▶ _Problem details_
Please go line by line and repeat the data below exactly, with no images.

---------- Provided records

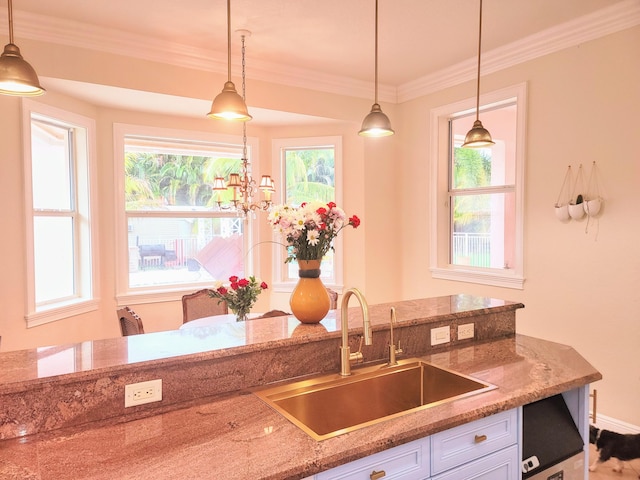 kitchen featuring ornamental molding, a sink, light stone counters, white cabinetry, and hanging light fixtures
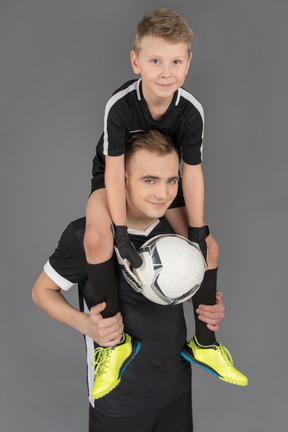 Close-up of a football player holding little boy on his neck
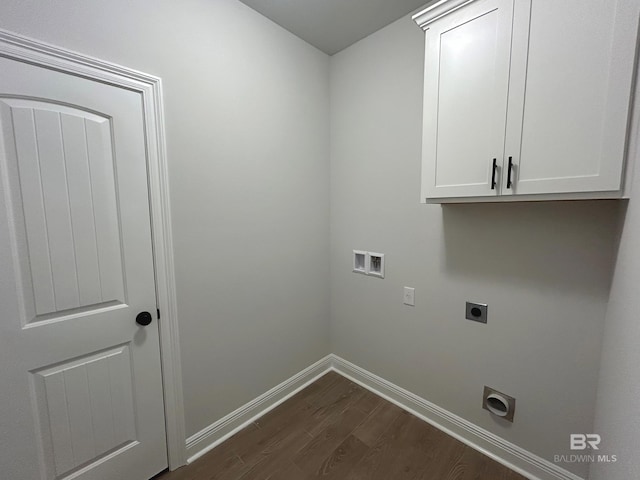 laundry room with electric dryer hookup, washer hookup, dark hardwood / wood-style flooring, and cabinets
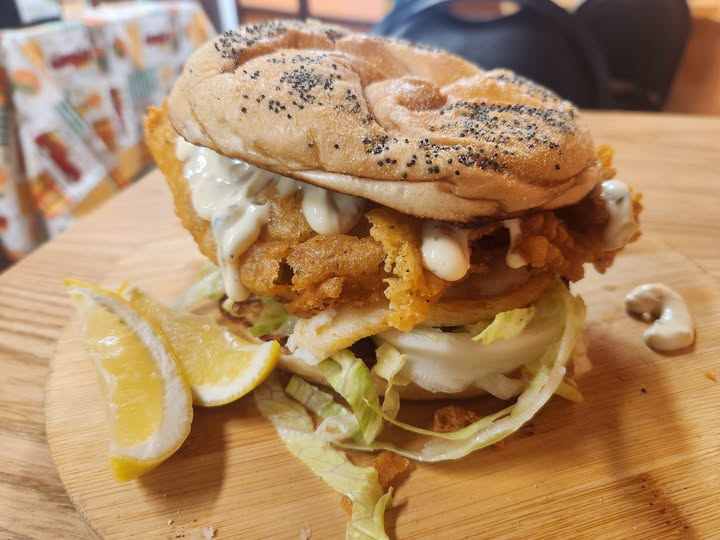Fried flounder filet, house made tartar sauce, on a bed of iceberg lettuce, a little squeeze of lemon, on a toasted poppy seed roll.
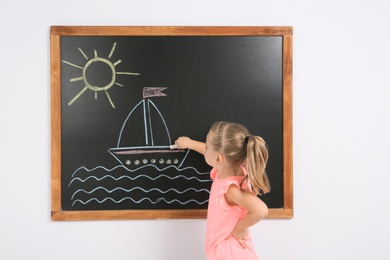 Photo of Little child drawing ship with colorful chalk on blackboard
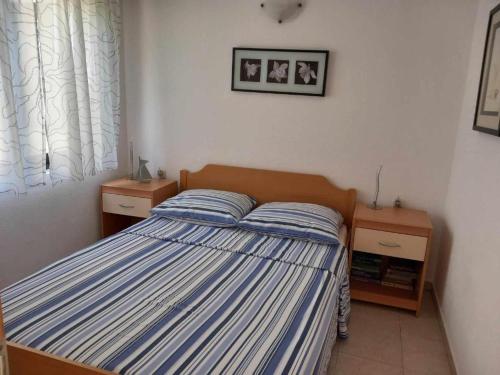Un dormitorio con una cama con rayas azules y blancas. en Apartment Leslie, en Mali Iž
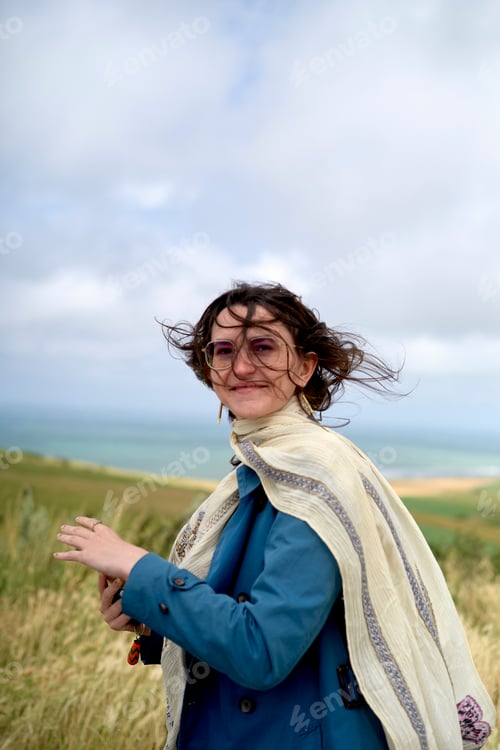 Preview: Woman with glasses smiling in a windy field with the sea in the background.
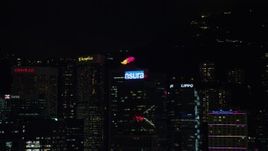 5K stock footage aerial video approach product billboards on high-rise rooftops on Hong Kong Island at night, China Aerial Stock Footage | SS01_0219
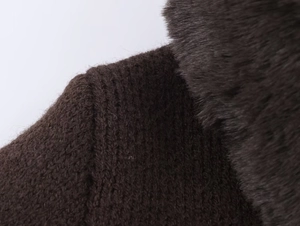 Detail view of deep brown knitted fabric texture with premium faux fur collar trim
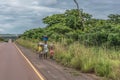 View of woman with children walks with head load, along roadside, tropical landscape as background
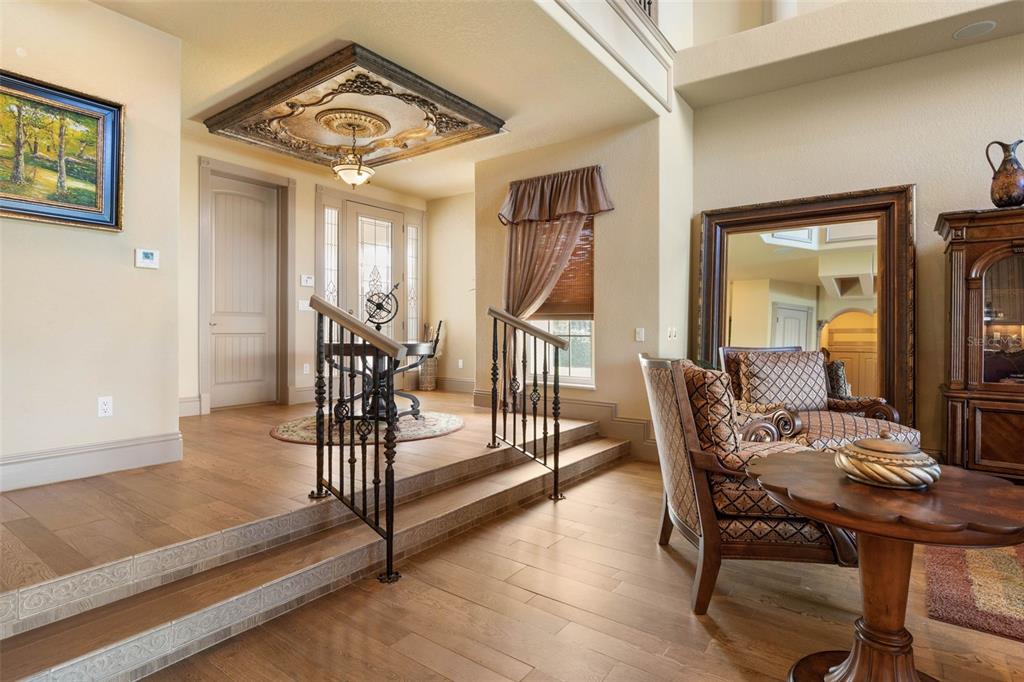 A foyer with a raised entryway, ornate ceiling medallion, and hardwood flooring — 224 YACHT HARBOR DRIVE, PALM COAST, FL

--------------------

▶ _Answer space_
 kitchen featuring ornamental molding, a sink, light stone counters, white cabinetry, and hanging light fixtures
 Close-up of a football player holding little boy on his neck
 laundry room with electric dryer hookup, washer hookup, dark hardwood / wood-style flooring, and cabinets
Fried flounder filet, house made tartar sauce, on a bed of iceberg lettuce, a little squeeze of lemon, on a toasted poppy seed roll.
 Photo of Little child drawing ship with colorful chalk on blackboard
Un dormitorio con una cama con rayas azules y blancas. en Apartment Leslie, en Mali Iž
 Preview: Woman with glasses smiling in a windy field with the sea in the background.
 5K stock footage aerial video approach product billboards on high-rise rooftops on Hong Kong Island at night, China Aerial Stock Footage | SS01_0219
 Detail view of deep brown knitted fabric texture with premium faux fur collar trim
 View of woman with children walks with head load, along roadside, tropical landscape as background
 A foyer with a raised entryway, ornate ceiling medallion, and hardwood flooring — 224 YACHT HARBOR DRIVE, PALM COAST, FL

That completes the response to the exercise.